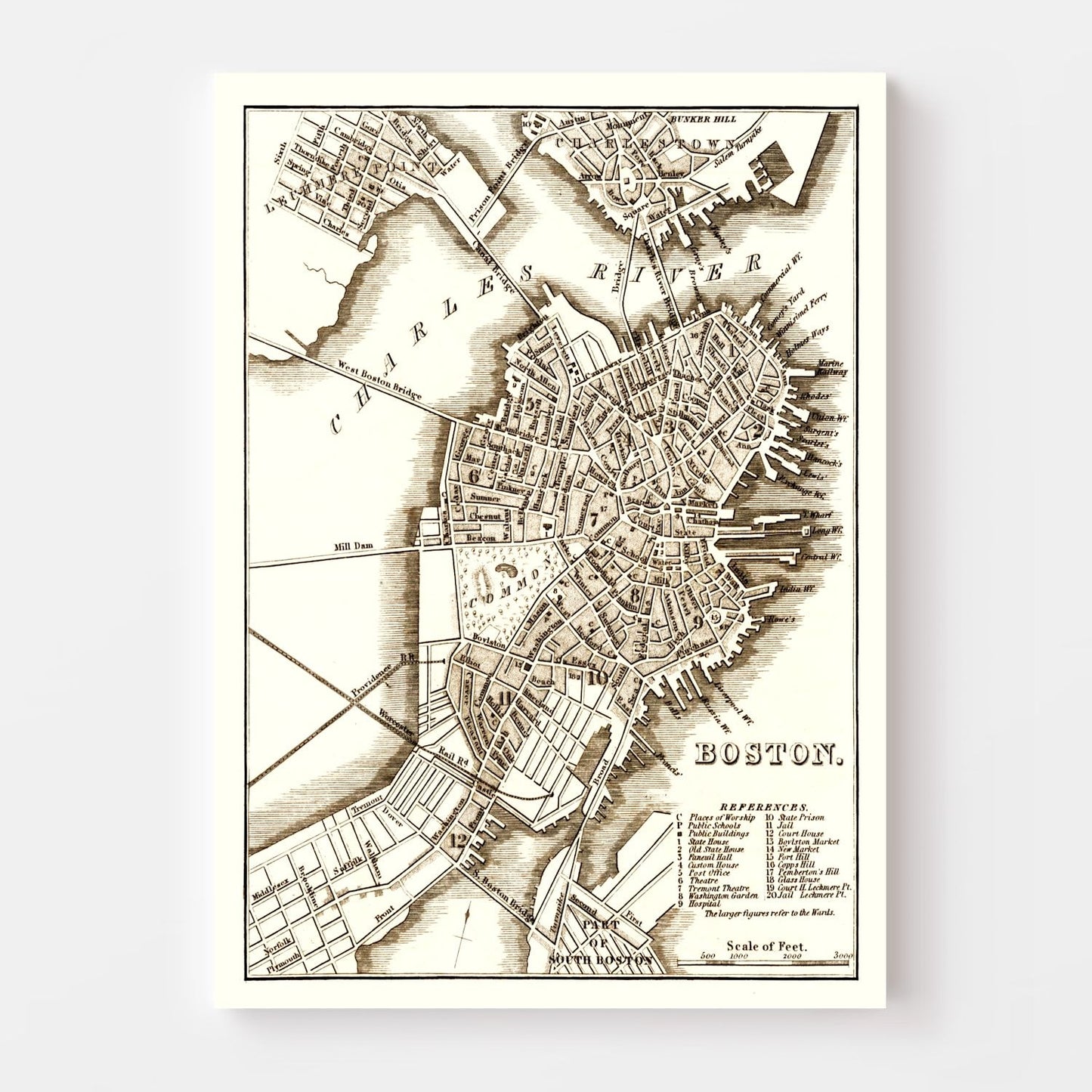 Vintage Map of Boston, Massachusetts 1844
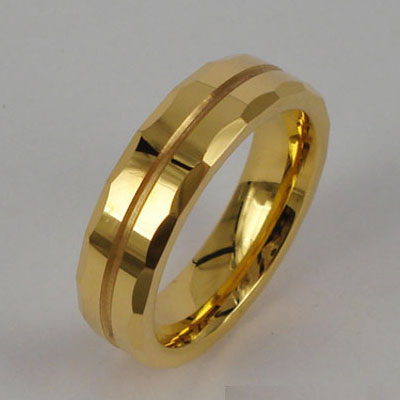 golden tungsten ring
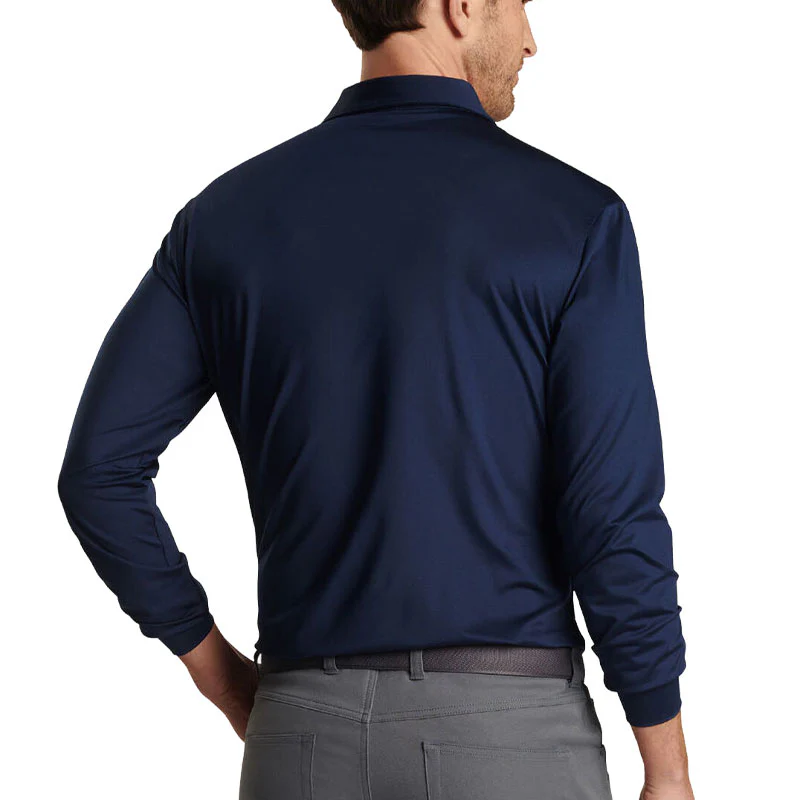 PETER MILLAR Stretch Jersey Men's Long Sleeve Polo (Navy) - Image 2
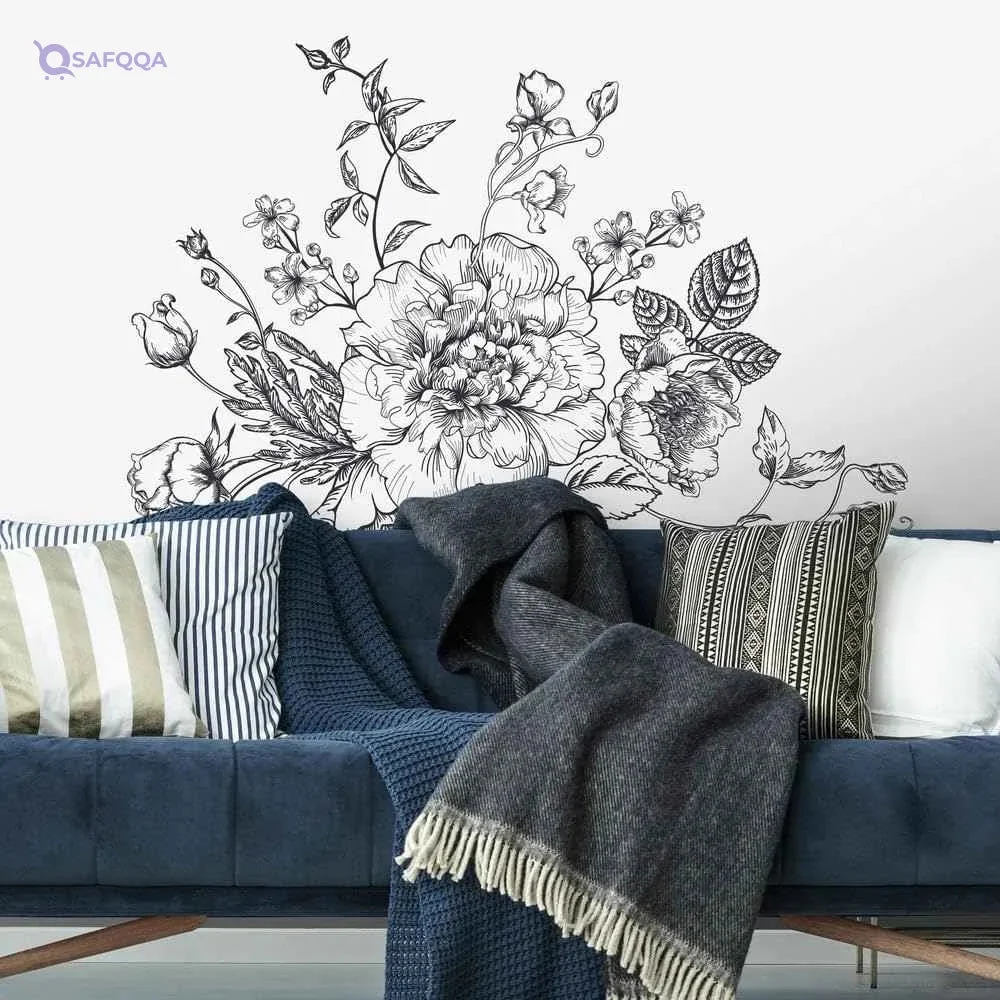 استيكر حائط من روم ميتس RMK3865GM تصميم زهرة الفاوانيا أبيض وأسود لاصق وقابل للإزالة
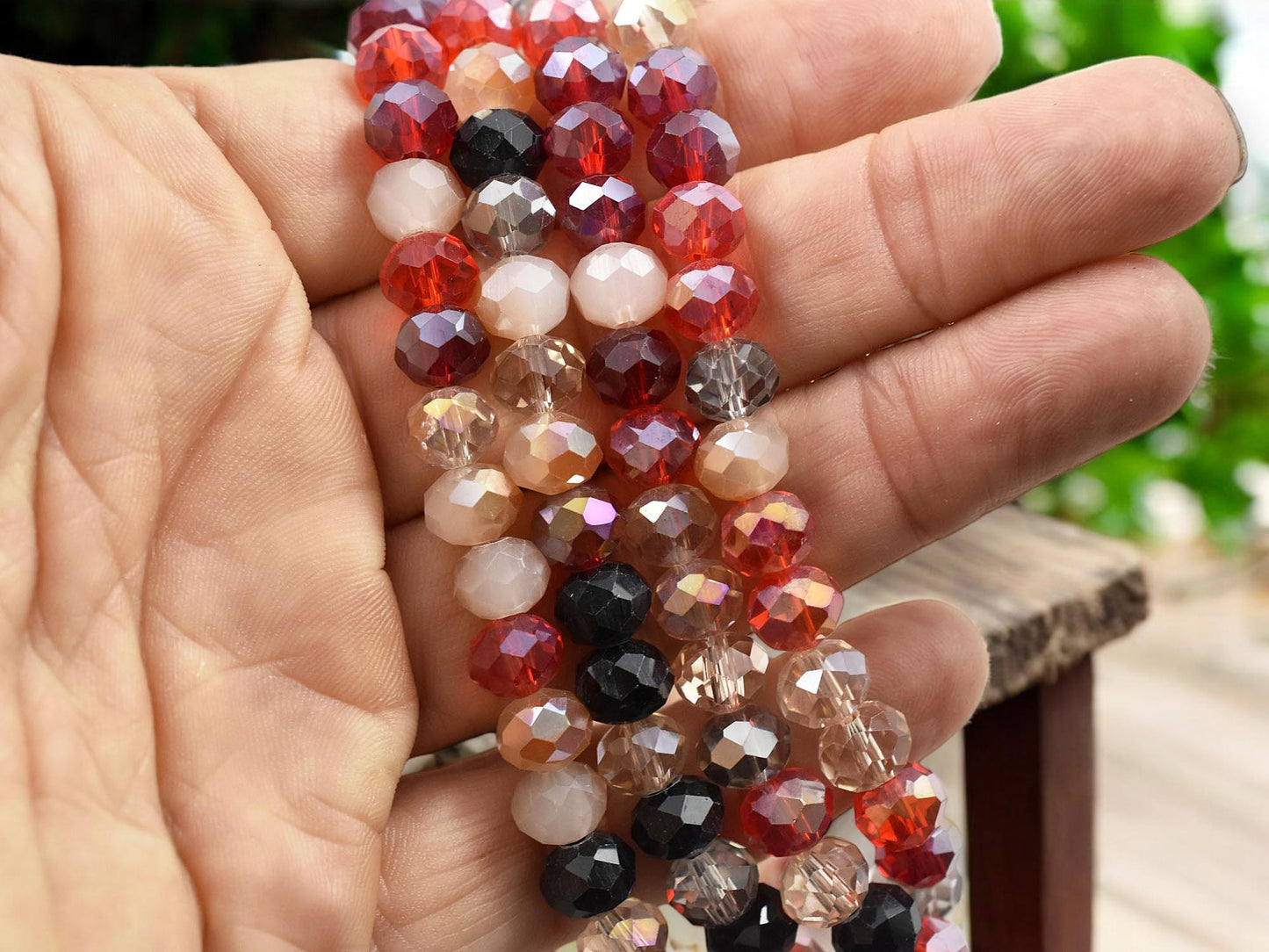 Bead Strands - Rondelle Beads - Chinese Crystal - Faceted Beads - Electroplated Glass - 6x8mm - 16.5" Strand - (A669)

What you have to do: Only the pictures may be dropped; print every record exactly as given.

Answer space:
 Vintage Map of Boston, Massachusetts 1844
 golden tungsten ring
 PETER MILLAR Stretch Jersey Men's Long Sleeve Polo (Navy) - Image 2
 استيكر حائط من روم ميتس RMK3865GM تصميم زهرة الفاوانيا أبيض وأسود لاصق وقابل للإزالة
 Bead Strands - Rondelle Beads - Chinese Crystal - Faceted Beads - Electroplated Glass - 6x8mm - 16.5" Strand - (A669)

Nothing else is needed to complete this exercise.